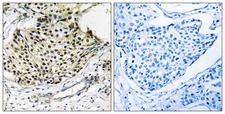 IKBKG / NEMO / IKK Gamma Antibody - Immunohistochemistry analysis of paraffin-embedded human breast carcinoma, using IKK-gamma (Phospho-Ser31) Antibody. The picture on the right is blocked with the phospho peptide.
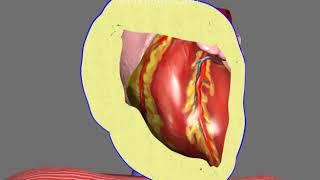 Pericardiocentesis in Pericardial Effusion and Cardiac Tamponade Animation by Cal Shipley MD [upl. by Karlie]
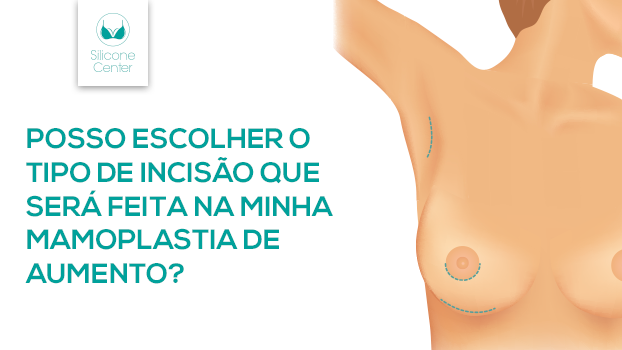 Incisão mamoplastia de aumento: posso escolher o tipo?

□ □ □ □ □ □ □

Task description. Copy out all of the listing word for word, but skip the images.

Answer box.
 IKBKG / NEMO / IKK Gamma Antibody - Immunohistochemistry analysis of paraffin-embedded human breast carcinoma, using IKK-gamma (Phospho-Ser31) Antibody. The picture on the right is blocked with the phospho peptide.
 Pericardiocentesis in Pericardial Effusion and Cardiac Tamponade Animation by Cal Shipley MD [upl. by Karlie]
 Incisão mamoplastia de aumento: posso escolher o tipo?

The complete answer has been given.